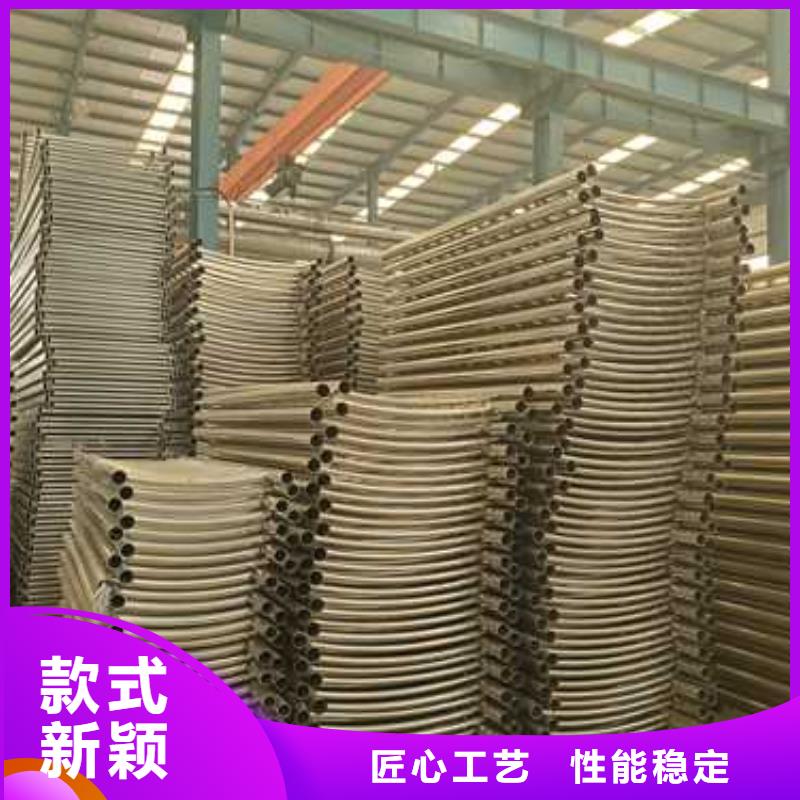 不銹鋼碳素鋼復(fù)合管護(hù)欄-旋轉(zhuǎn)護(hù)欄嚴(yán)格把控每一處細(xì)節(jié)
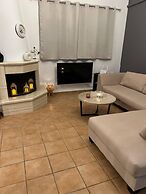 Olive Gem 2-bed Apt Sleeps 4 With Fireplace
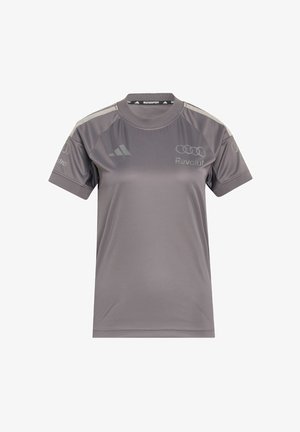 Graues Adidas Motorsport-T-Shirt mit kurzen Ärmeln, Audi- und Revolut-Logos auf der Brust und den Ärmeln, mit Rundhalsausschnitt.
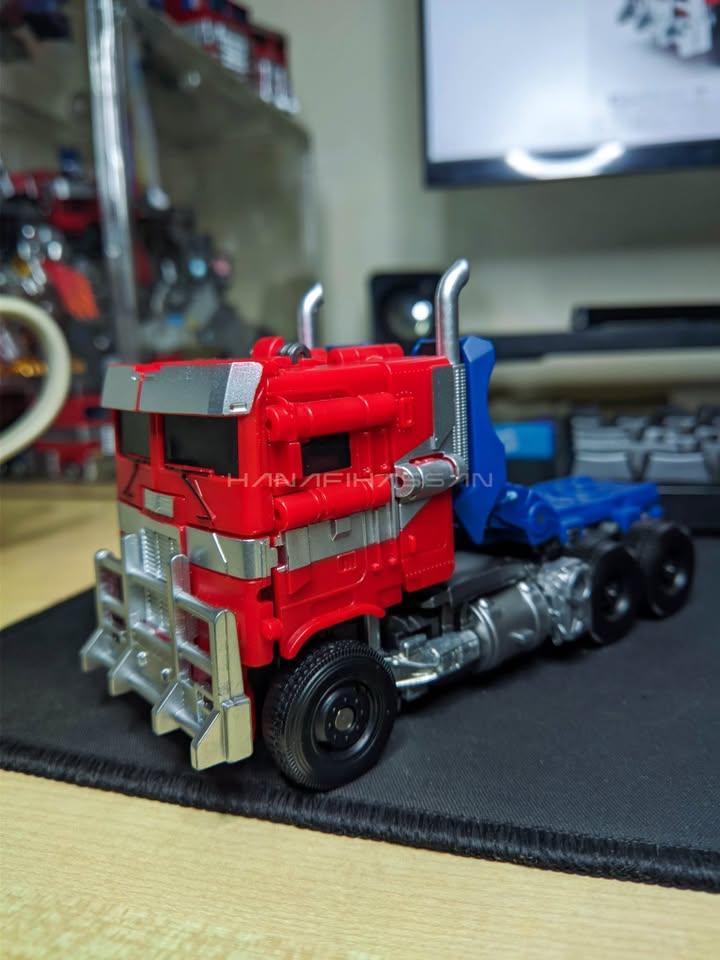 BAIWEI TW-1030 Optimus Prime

==

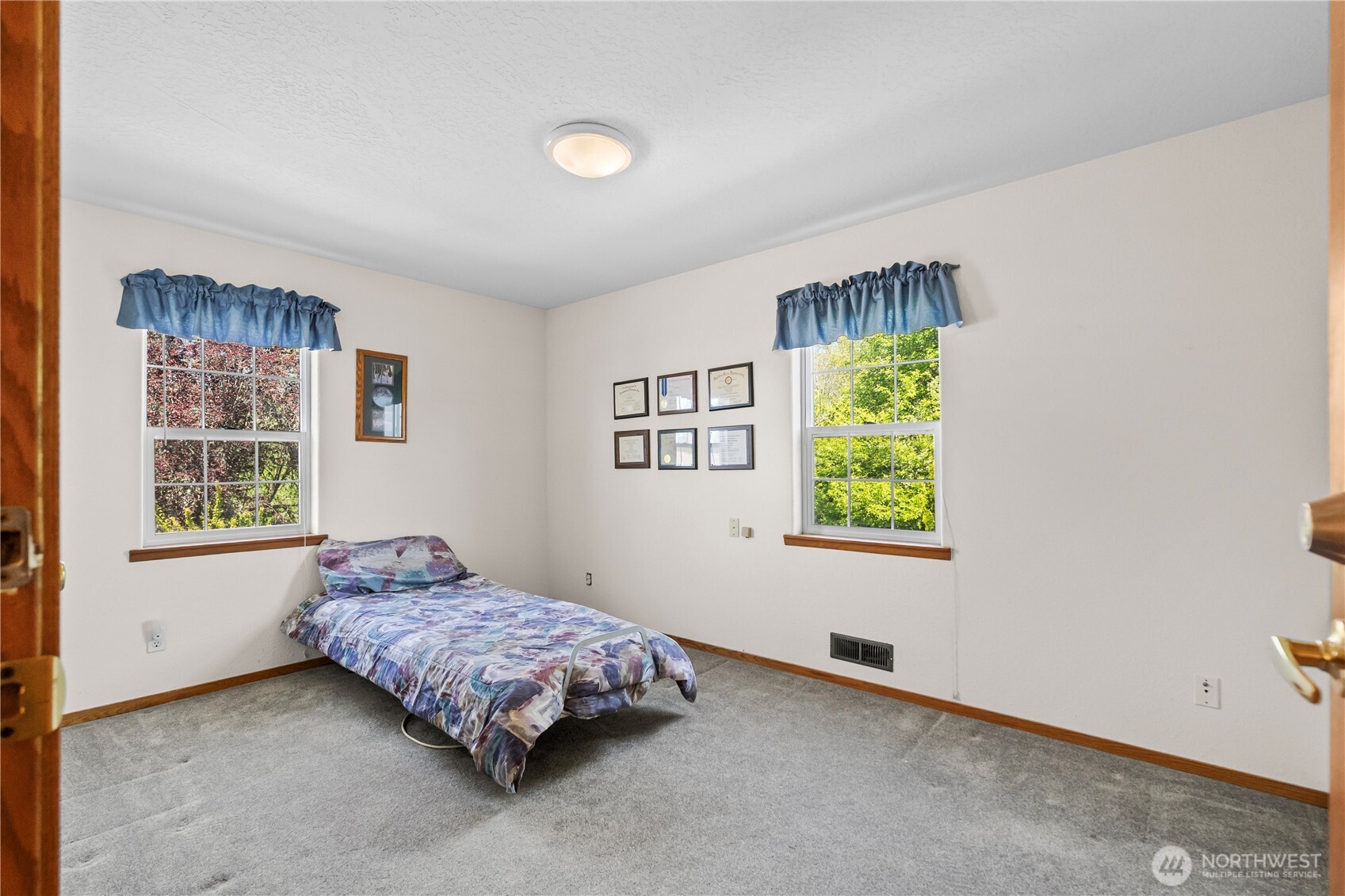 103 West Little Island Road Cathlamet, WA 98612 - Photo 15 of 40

...

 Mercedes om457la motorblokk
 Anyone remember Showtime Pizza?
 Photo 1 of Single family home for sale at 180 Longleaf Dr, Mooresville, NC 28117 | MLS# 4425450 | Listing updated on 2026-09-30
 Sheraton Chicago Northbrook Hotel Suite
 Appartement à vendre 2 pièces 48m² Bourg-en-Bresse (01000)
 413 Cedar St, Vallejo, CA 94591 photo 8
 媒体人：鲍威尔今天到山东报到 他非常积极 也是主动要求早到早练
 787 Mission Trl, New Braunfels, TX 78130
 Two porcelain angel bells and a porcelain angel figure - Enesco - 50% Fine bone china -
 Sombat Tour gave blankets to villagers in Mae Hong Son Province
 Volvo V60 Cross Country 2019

What to do:
Print nothing except the lines above from the one containing "不銹鋼碳素鋼復(fù)合管護" down to the one containing "BAIWEI TW-1030 Optimus Prime", both included, exactly as written and free of pictures.

Result for this exercise:
 不銹鋼碳素鋼復(fù)合管護(hù)欄-旋轉(zhuǎn)護(hù)欄嚴(yán)格把控每一處細(xì)節(jié)
 Olive Gem 2-bed Apt Sleeps 4 With Fireplace
 Graues Adidas Motorsport-T-Shirt mit kurzen Ärmeln, Audi- und Revolut-Logos auf der Brust und den Ärmeln, mit Rundhalsausschnitt.
 BAIWEI TW-1030 Optimus Prime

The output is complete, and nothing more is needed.